Other diseases that cause chronic cough
Other diseases that cause chronic cough include chronic pharyngitis, upper airway cough syndrome, gastroesophageal reflux, and certain cardiovascular diseases such as mitral stenosis.
Treatment
Antibiotics are often selected based on the empirical common pathogens, generally oral, but intravenous in severe patients. The treatment plan is levofloxacin 0.4g once a day, azithromycin 0.5g once a day, or cefuroxime 0.5g twice a day. If the pathogen can be cultured, the most effective antibiotics can be chosen based on the antibiotic sensitivity test.

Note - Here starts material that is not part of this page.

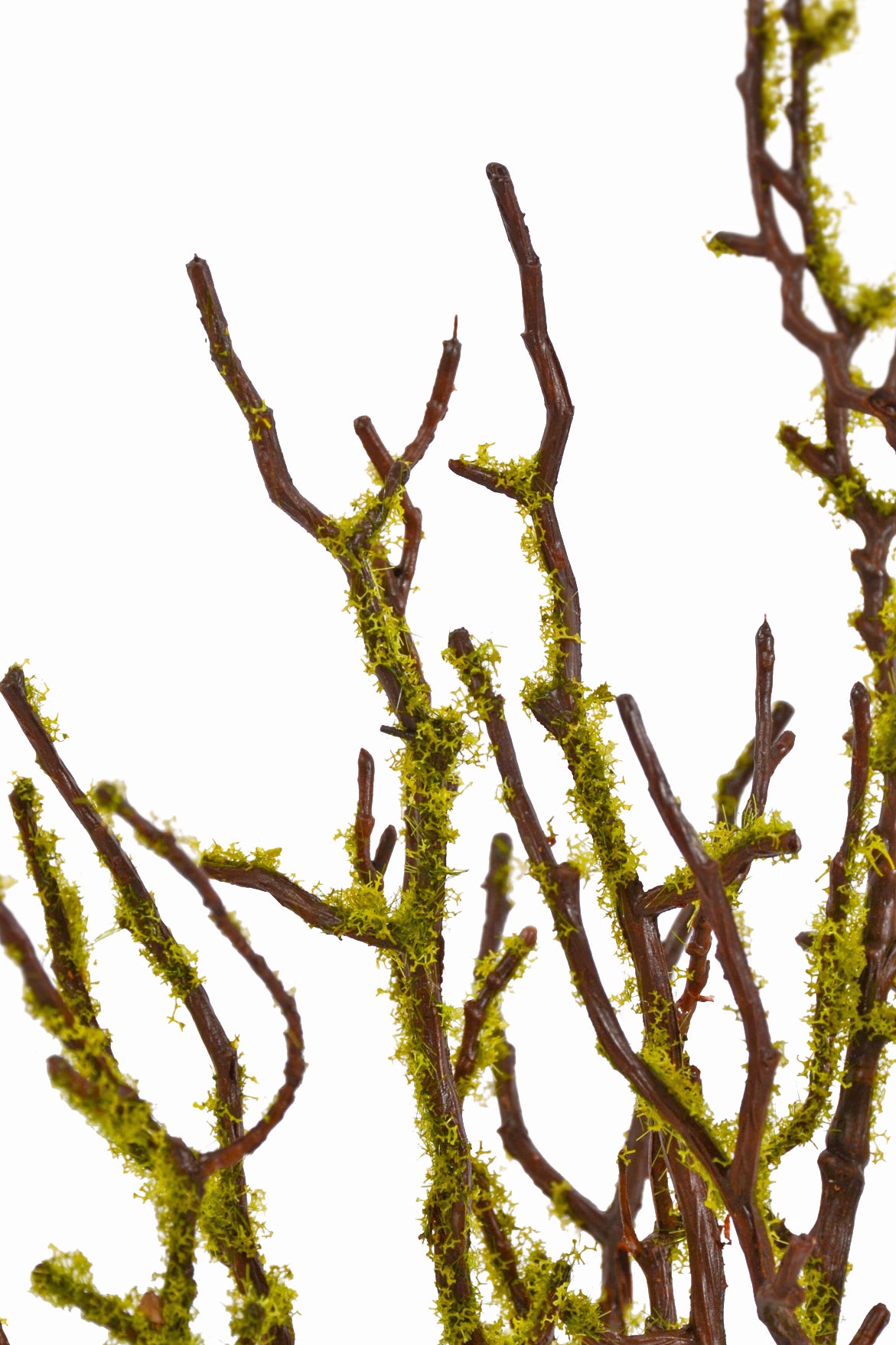 18" Twig Branch W/Moss Green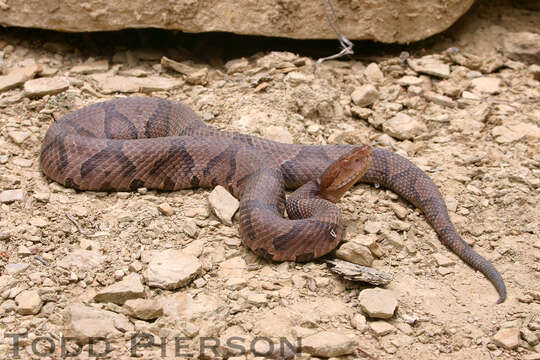 Image of Copperhead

Antitussives and expectorants can be administered, and the treatment regimen is bromhexine 8 - 16mg 3 times a day or ambroxol hydrochloride 30mg 3 times a day. Patients with dry cough can be treated using antitussives.
Patients with wheezing can be treated using bronchodilators such as aminophylline and theophylline extended-release tablets, inhaled β2 receptor agonists, and anticholinergics.
Prognosis
The disease can be under control in most patients, and does not affect their work and study. However, it can also progress into chronic obstructive pulmonary disease in some patients.